Lara hat die Depression hinter sich gelassen. Momentan schreibt sie an ihrer Maturaarbeit. „Es geht darin um Kunst und Psychologie“, verrät sie. Nach dem Abschluss will sie raus aus Südtirol und nach Deutschland, „wo man mal niemanden kennt.“ Sie ist optimistisch, wenn sie an ihre Zukunft denkt. „Das Wichtigste ist, nicht stehen zu bleiben, sonst geht dein Leben ohne dich weiter“, sagt sie.

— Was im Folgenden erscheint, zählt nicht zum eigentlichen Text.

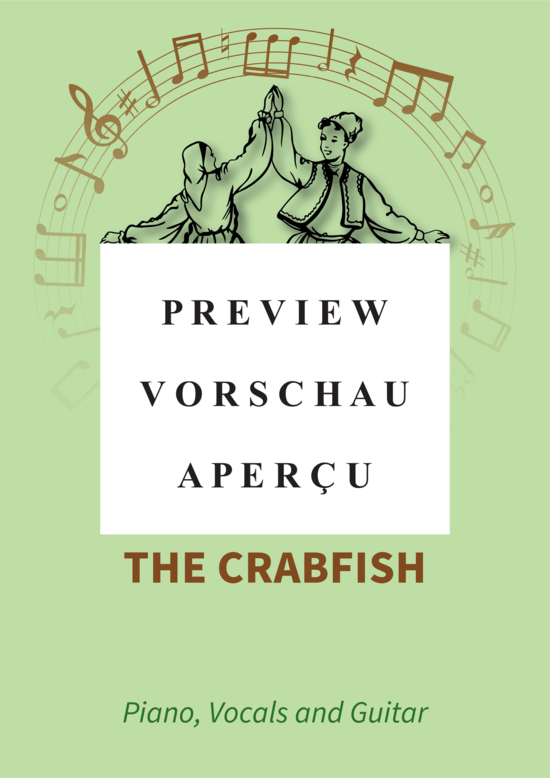 Product gallery: Page 2 of 6 The crabfish , , (vocals + piano & guitar)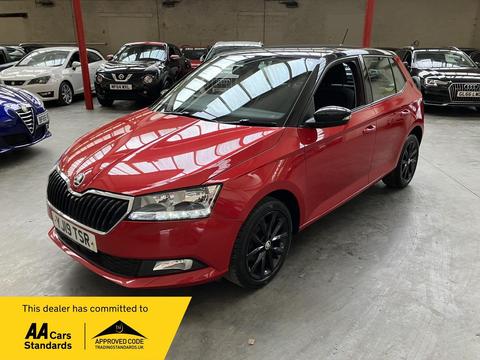 Skoda Fabia Hatchback 1.0 TSI Colour Edition Euro 6 (s/s) 5dr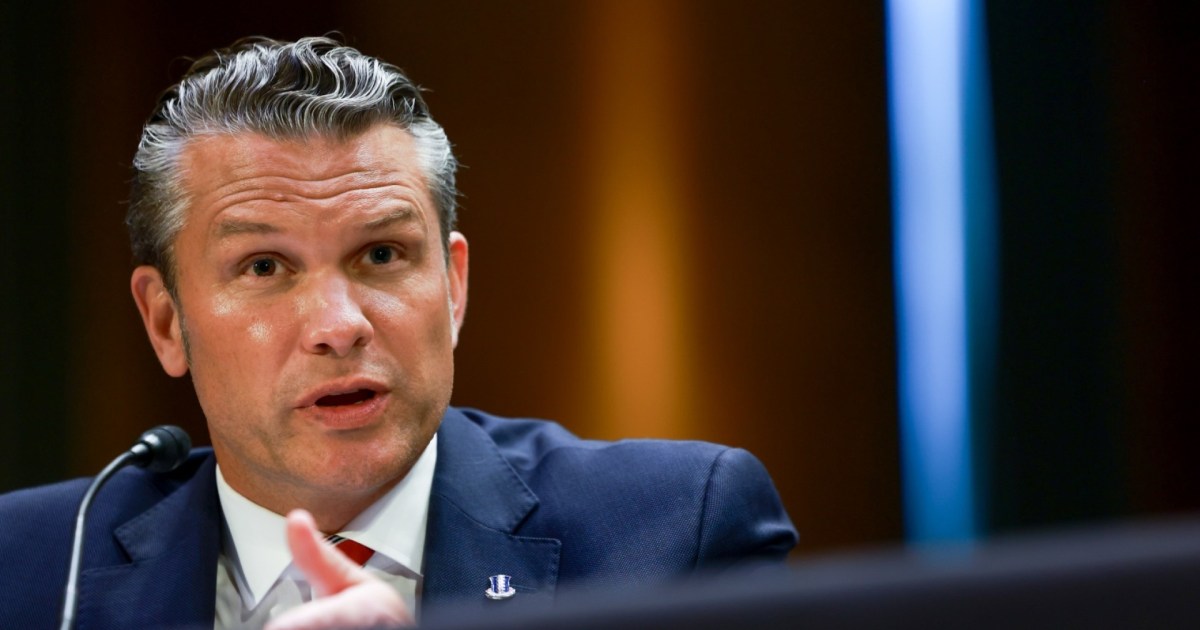 El Secretario de Estado Hegseth cuestiona el creciente costo de la guerra con Irán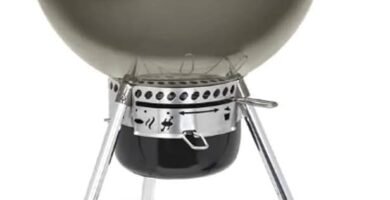 barbacoa de carbon weber master-touch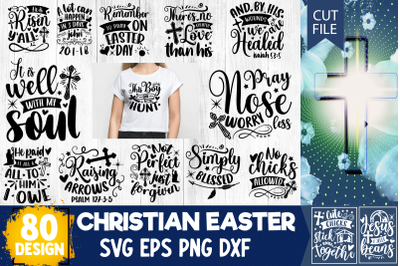 Christian Easter SVG Bundle Vol.05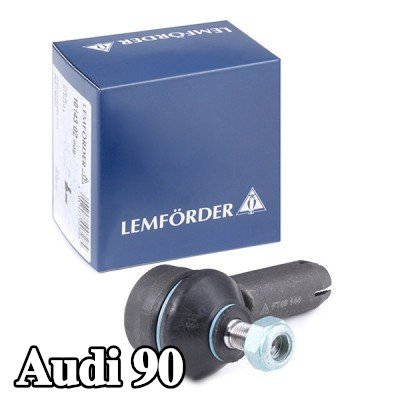 LEMFÖRDER طرف قضيب التوجيه للمحور الأمامي الأيسر, المحور الأمامي الأيمن — Audi 90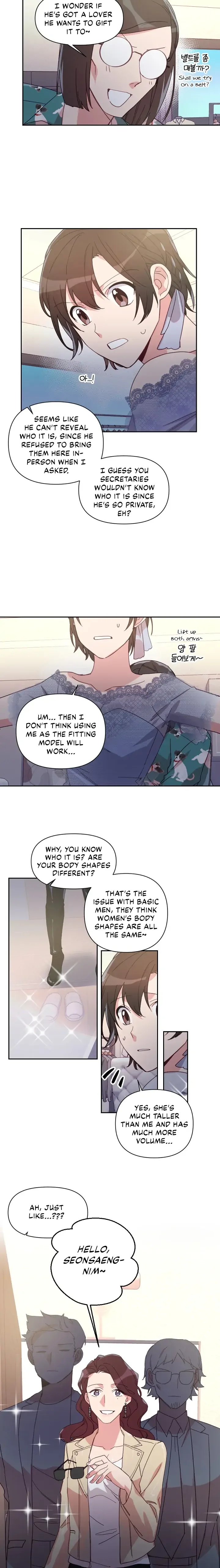 You’re Perfect for Me Chapter 18 page 14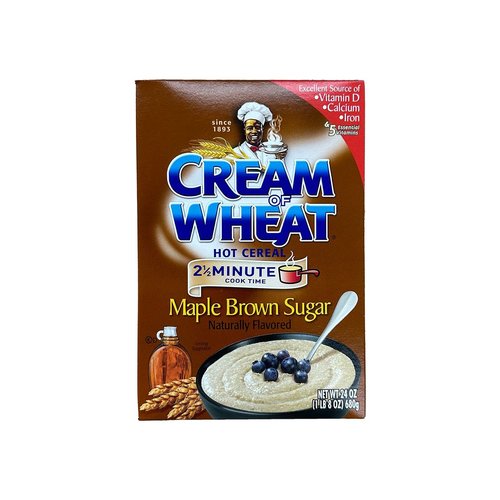 Cream Of Wheat Maple Brown Sugar, 680g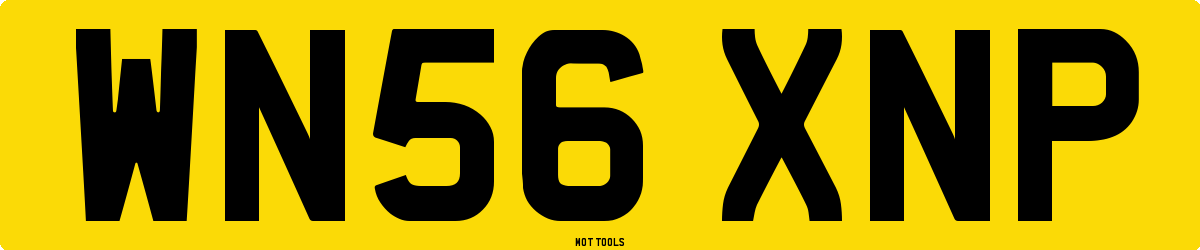 WN56XNP MOT Check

Einen einzigen Rückfall hatte sie seit ihrem Aufenthalt in Bad Bachgart. Der trieb sie an, weiterzukämpfen: „So ein Rückfall hat auch seine guten Seiten: Er hat mir gezeigt, dass ich nie mehr zurück möchte, zurück in diesen Teufelskreis.“

Depression und Suizid sind eng miteinander verbunden. Eine gezielte Therapie kann bei Suizidgedanken eine große Hilfe sein. Jemandem eine Therapie vorzuschlagen, mit ihm einen Psychologen oder Therapeuten zu suchen und einen Termin zu vereinbaren, kann bereits viel bewirken. Falls du eine Person kennst, von der du weißt, dass sie Suizidgedanken hegt: Zögere nicht, sie darauf anzusprechen, zu fragen wie es ihr geht und was du tun kannst. Hilfe und Unterstützung gibt es – auch für dich, wenn dir dein Leben nicht mehr sinnvoll erscheint – rund um die Uhr unter der Grünen Nummer der Caritas. Ansonsten kannst du dich an deinen Hausarzt, die Erste Hilfe oder den Psychiatrischen Dienst deines Krankenhauses wenden.